[DATA FOR PROCESSING — start]
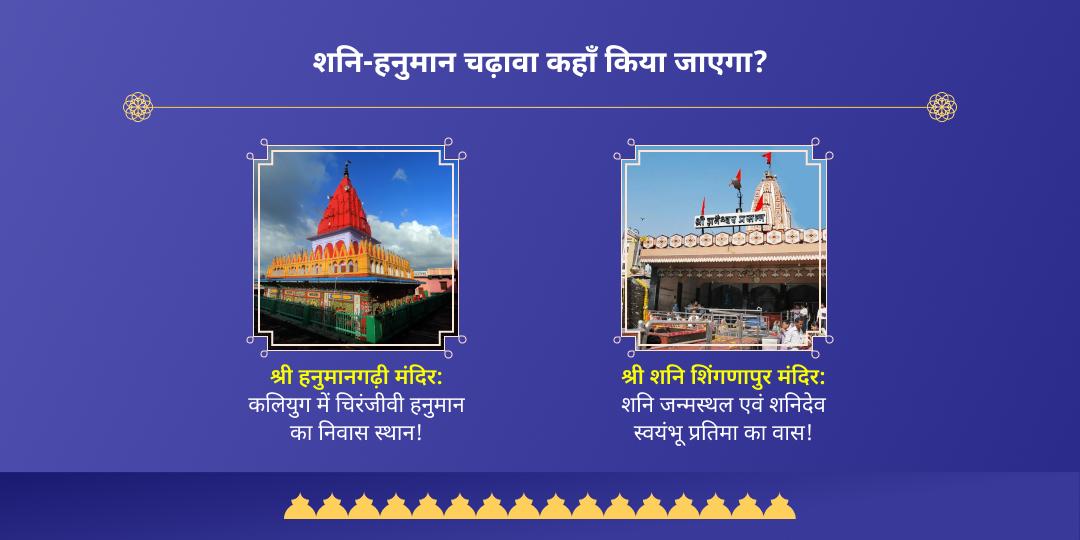 शनि-हनुमान 4 शनिवार चढ़ावा संकल्प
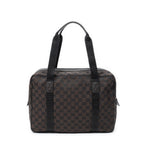 Shoulder Bag Laptop Bag Dark Brown Monogrammed Canvas
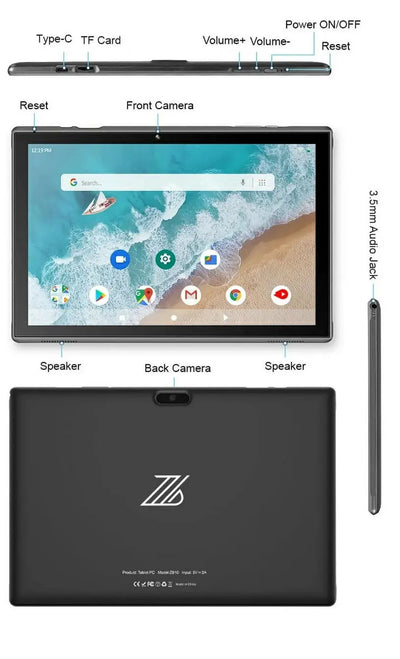 Android 14 tablet comes with dual camera, touch screen and Bluetooth Crystal Haven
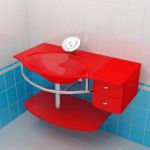 Sink 3d-model Fram 112 red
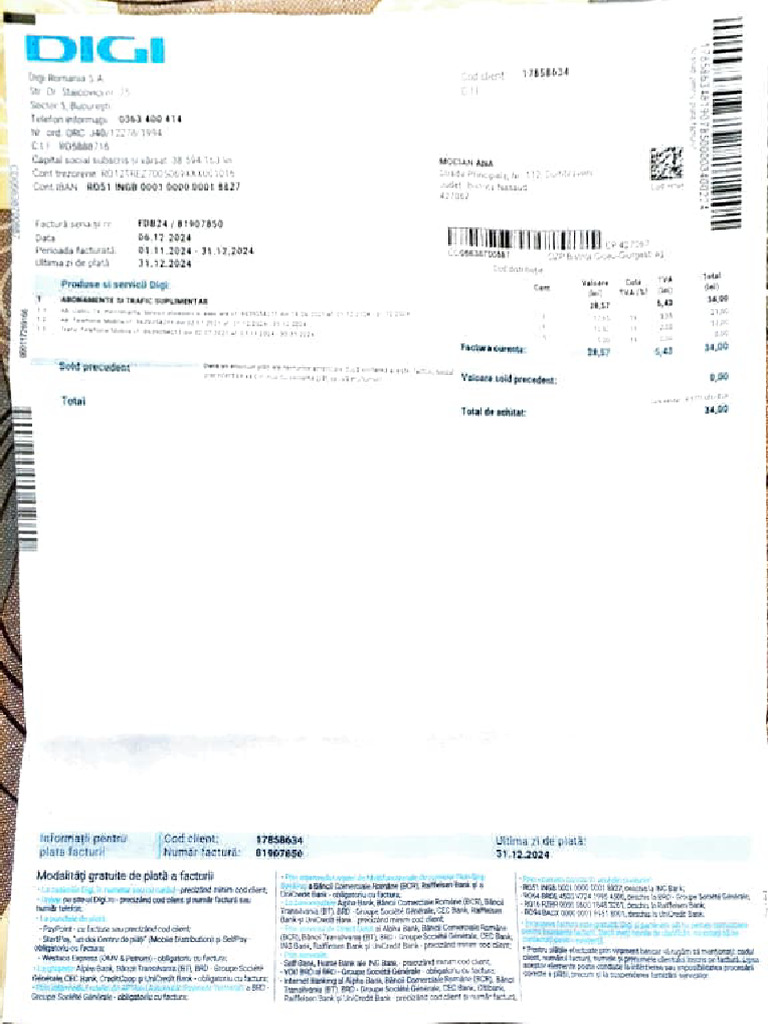 Digi Payment Invoice Details 2024 | PDF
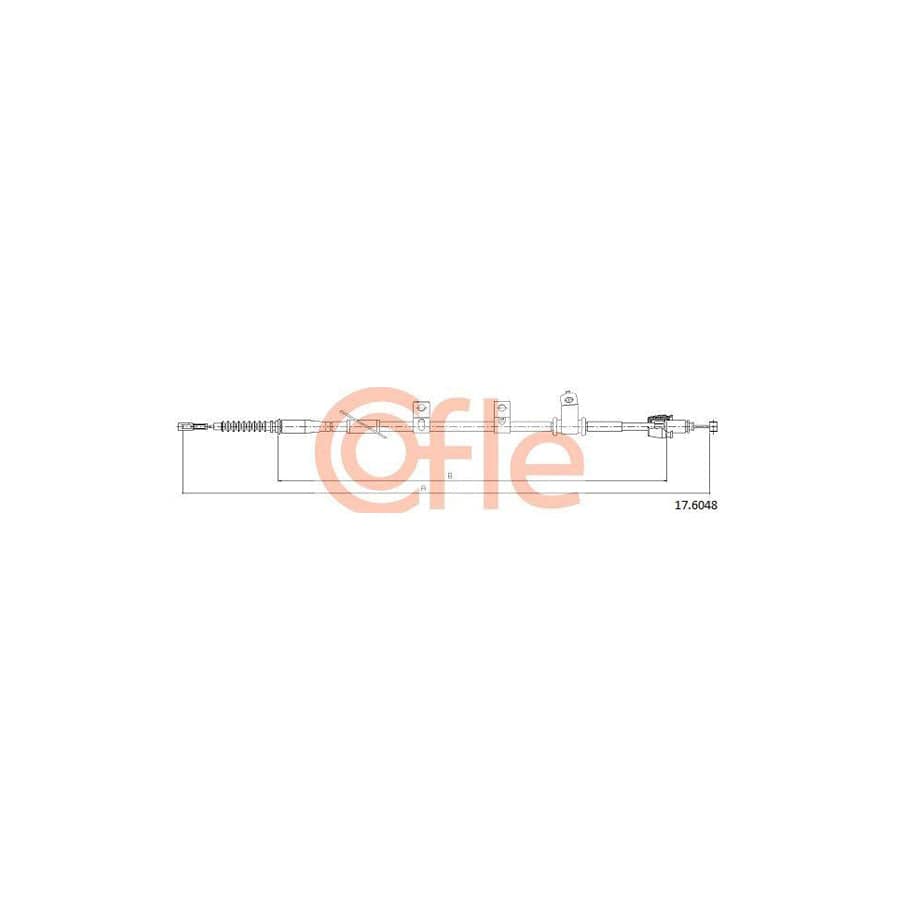 Cofle 17.6048 Hand Brake Cable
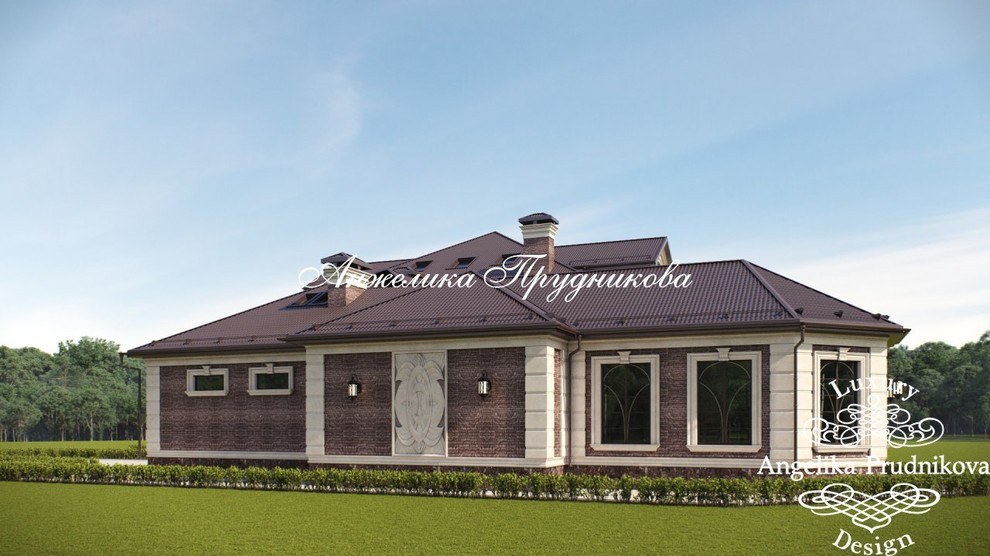 Дизайн проект экстерьера дома в КП Ренессанс Парк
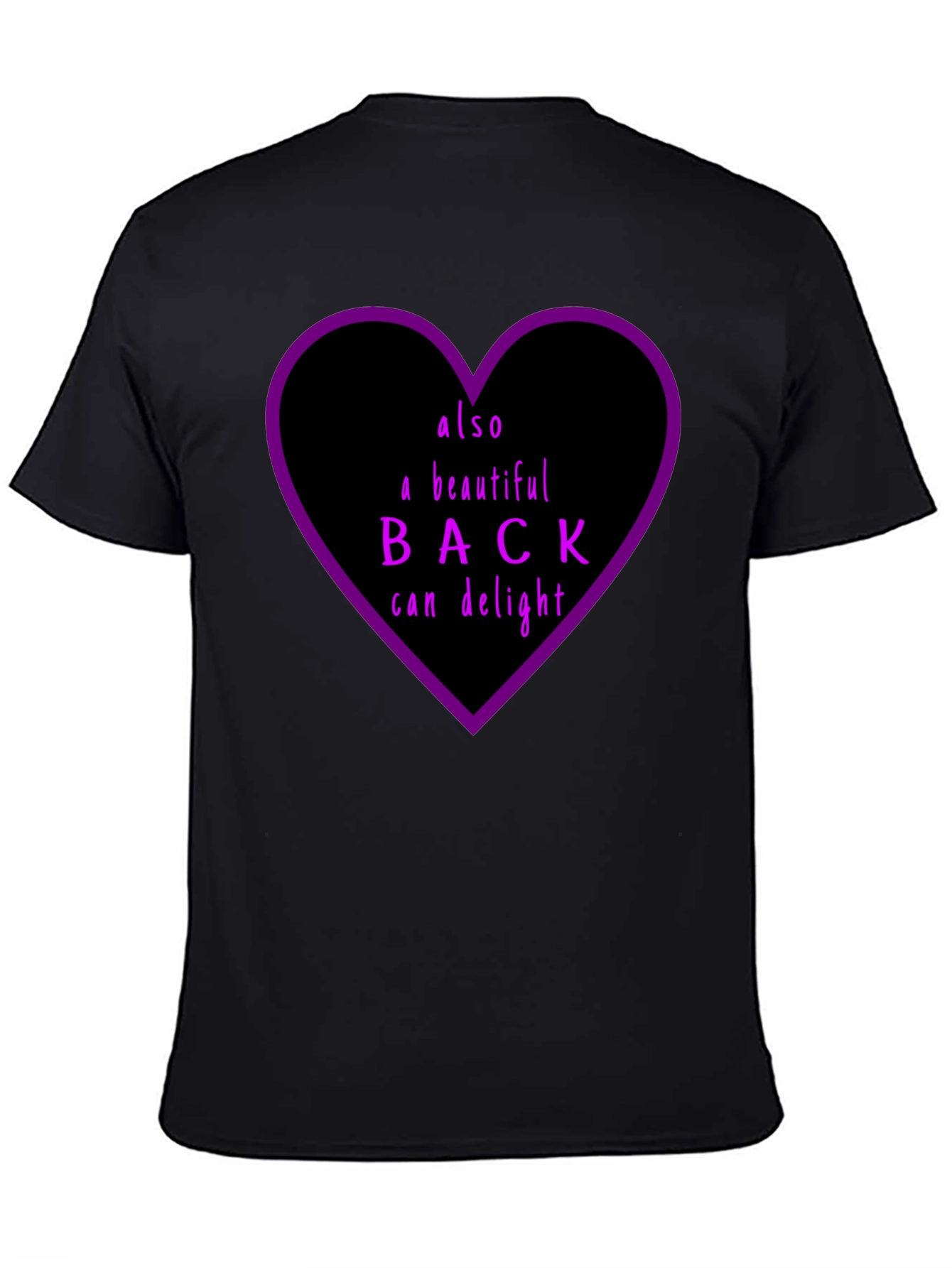 Beautiful Back Graphic Tee - Unisex Black Cotton T-Shirt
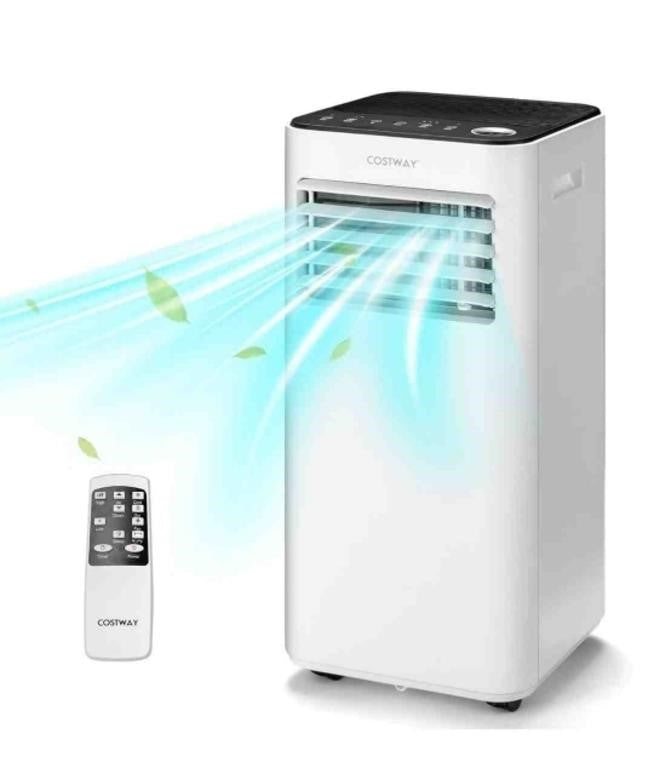 COSTWAY 10000 BTU Portable Air Conditioner (White-10000BTU)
[DATA FOR PROCESSING — finish]
(ABOUT THIS EXERCISE) When copying, output the data exactly and leave out the pictures.

(ANSWER TO THE EXERCISE)
 शनि-हनुमान 4 शनिवार चढ़ावा संकल्प
 Shoulder Bag Laptop Bag Dark Brown Monogrammed Canvas
 Android 14 tablet comes with dual camera, touch screen and Bluetooth Crystal Haven
 Sink 3d-model Fram 112 red
 Digi Payment Invoice Details 2024 | PDF
 Cofle 17.6048 Hand Brake Cable
 Дизайн проект экстерьера дома в КП Ренессанс Парк
 Beautiful Back Graphic Tee - Unisex Black Cotton T-Shirt
 COSTWAY 10000 BTU Portable Air Conditioner (White-10000BTU)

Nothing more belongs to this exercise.